Last year, on a crisp November day a week before Thanksgiving, I took a leisurely drive out to the country to buy my Christmas tree. I thought I was really something, so on top of things, so organized, so, well, perfect, and I enjoyed basking in my own glow all the way there.
Turns out, I wasn’t that early after all. The lot was a tad sparse but even so I found the perfect tree, they bundled it up for me, and it sat trussed up under my pergola like a petty thief in stocks, its feet in a bucket of ice water, until a week before Christmas.
I tell you all that to tell you this.
In the past four days I have heard of three different families who have already put up their Christmas trees. In their houses. With lights. You know, decorated.

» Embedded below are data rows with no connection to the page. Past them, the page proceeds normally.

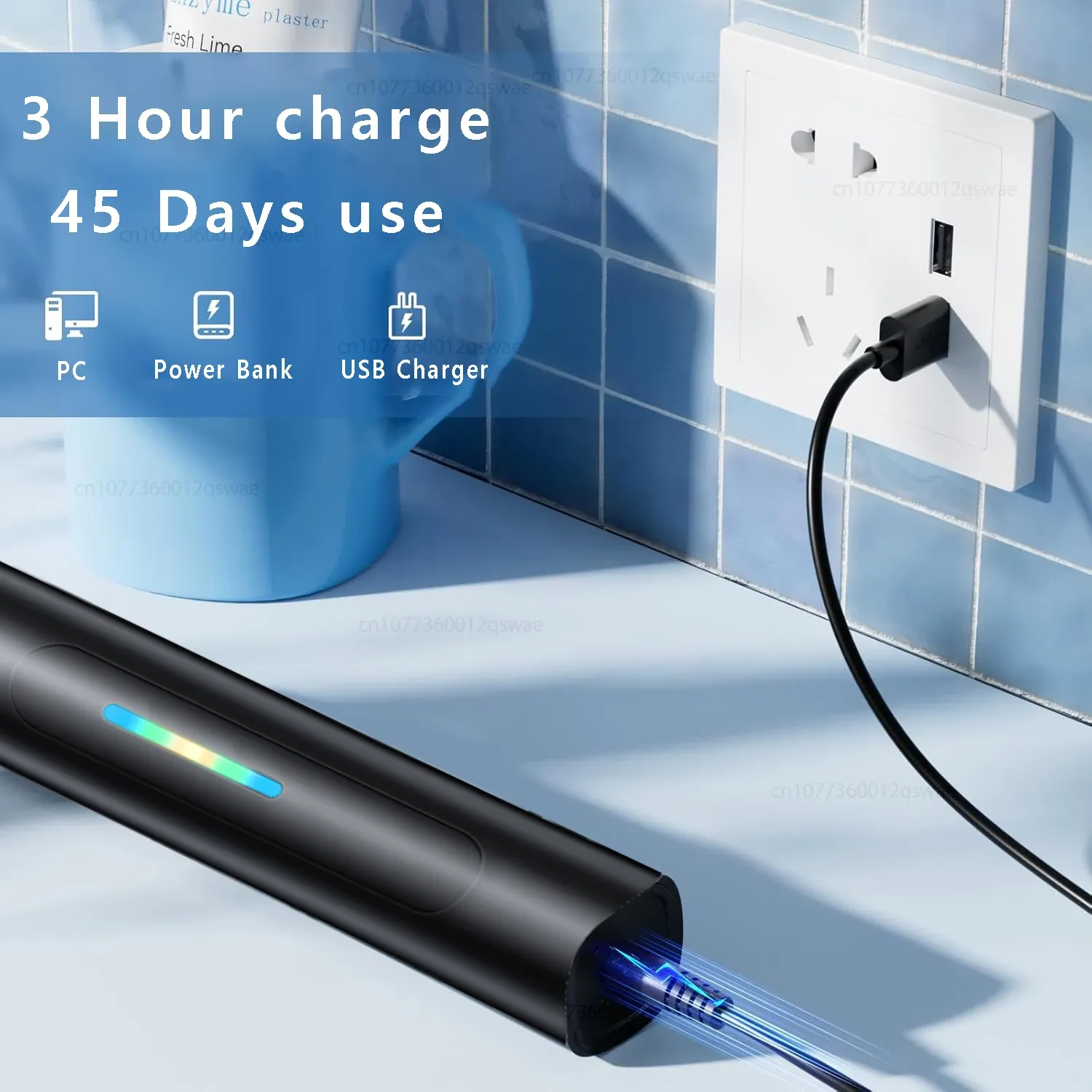 Brosse à dents électrique intelligente, 5 modes de nettoyage, brosse à dents électrique rotative étanche avec 8 têtes de brosse 6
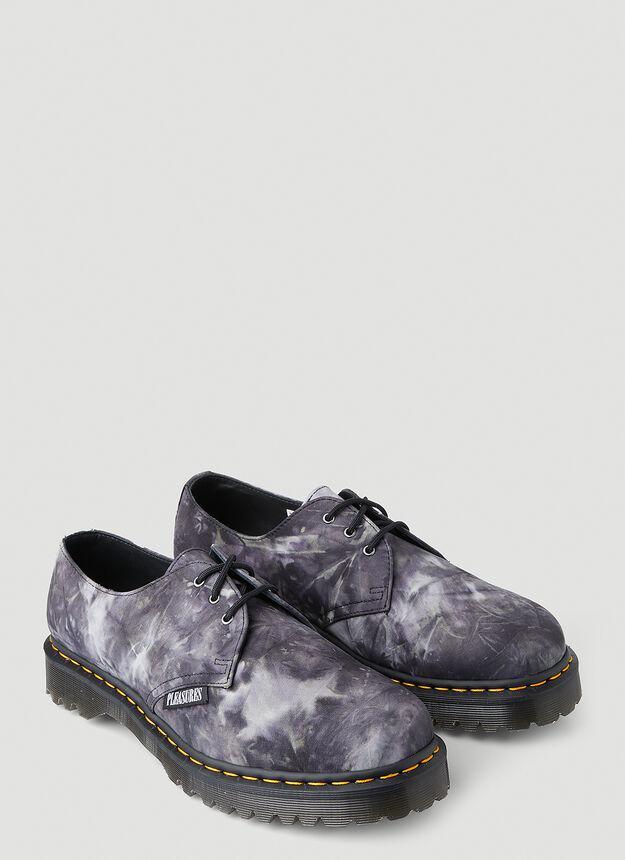 商品Dr. Martens|x Pleasures 1461 Tie-Dye Shoes in Grey,价格¥664,第4张图片详细描述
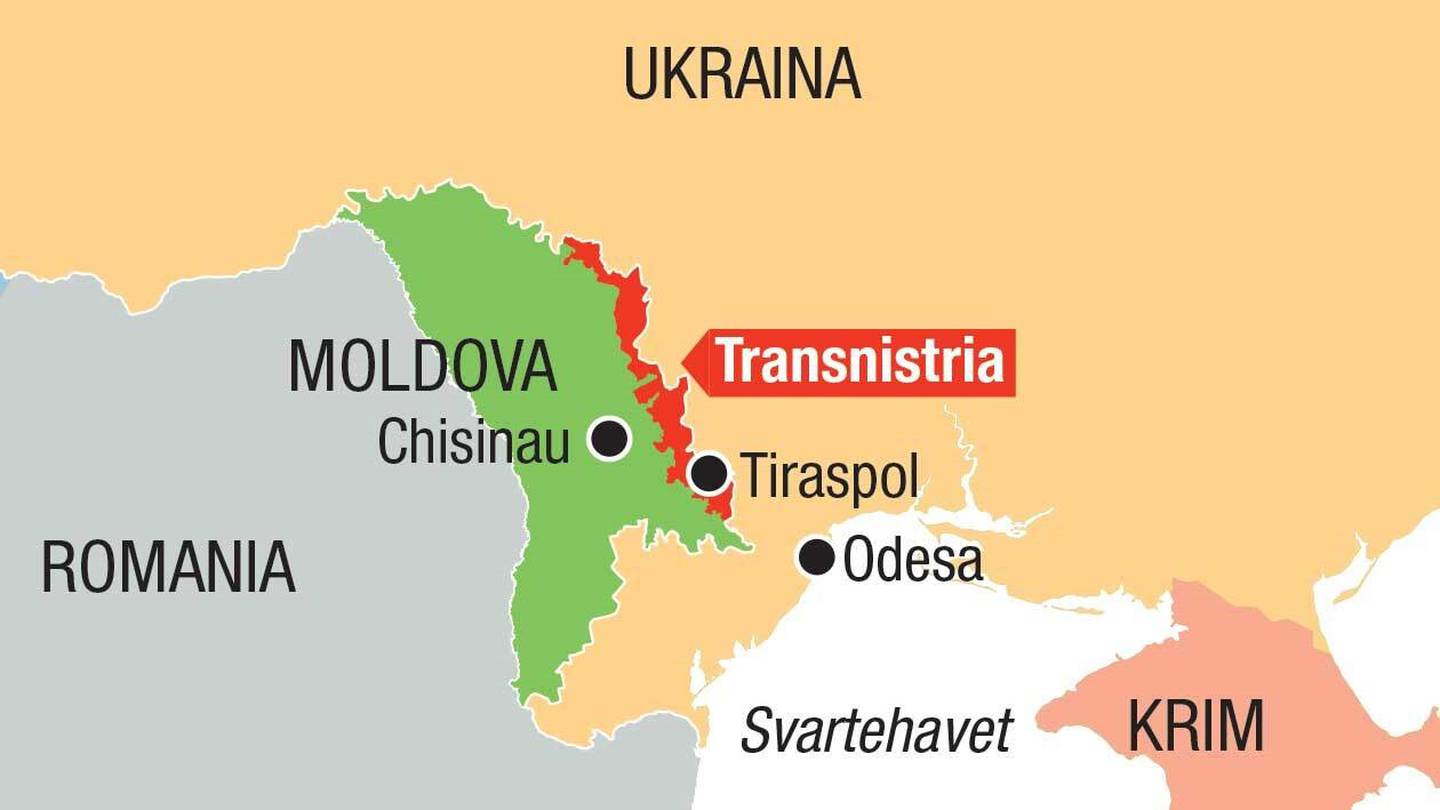 Transnistria er en liten utbryterrepublikk i Moldova som grenser mot Ukraina, og som har vært kontrollert av et prorussisk regime siden 1990-tallet.
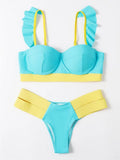 Women's rose red bikini swimsuit with steel wire push-up top and matching bottoms on a neutral background.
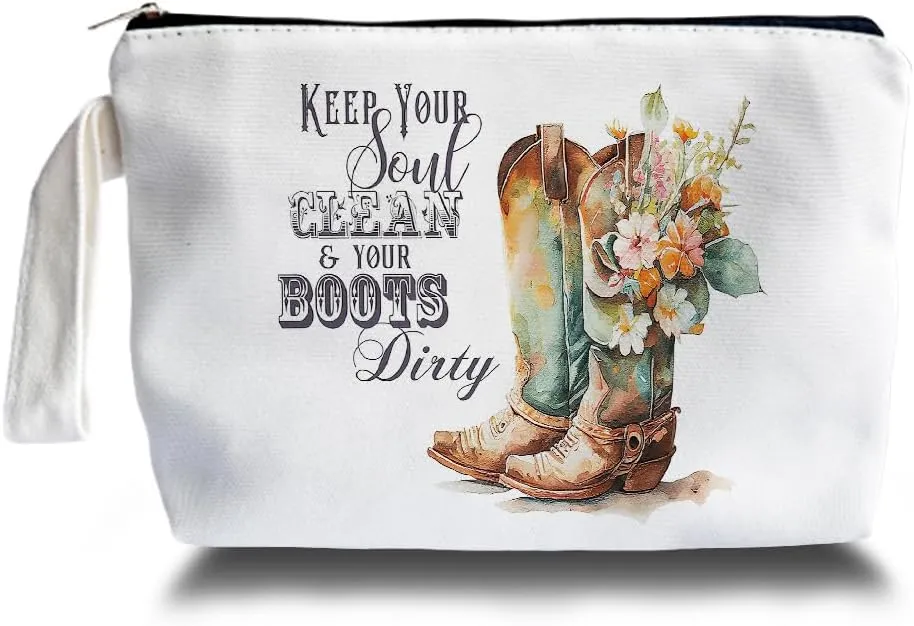 Western Cowboy Boots Makeup Bag - Cowboy Boots Themed Lover Gifts for Girls Mom Women, Canvas Makeup Bag, Western Gifts for Women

One post on Facebook gave us a glimpse and the words, “The first of my trees is up.” It is an amazement to me that people have more than one tree. There is no judgment in that statement, I am just so disorganized or lazy or something that I think I am Mrs. Claus when I get just one set up, and even then, I don’t decorate the whole thing since it stands in a corner. So, multiple trees just buffaloes me.
But if ever there was a year, a time for early Christmas trees and sparkly lights and something to divert us, surely the year 2020 is it. I think about the scene in “Auntie Mame,” during the depression and she has just lost her temp job at Macy’s because her receipts book is such a mess.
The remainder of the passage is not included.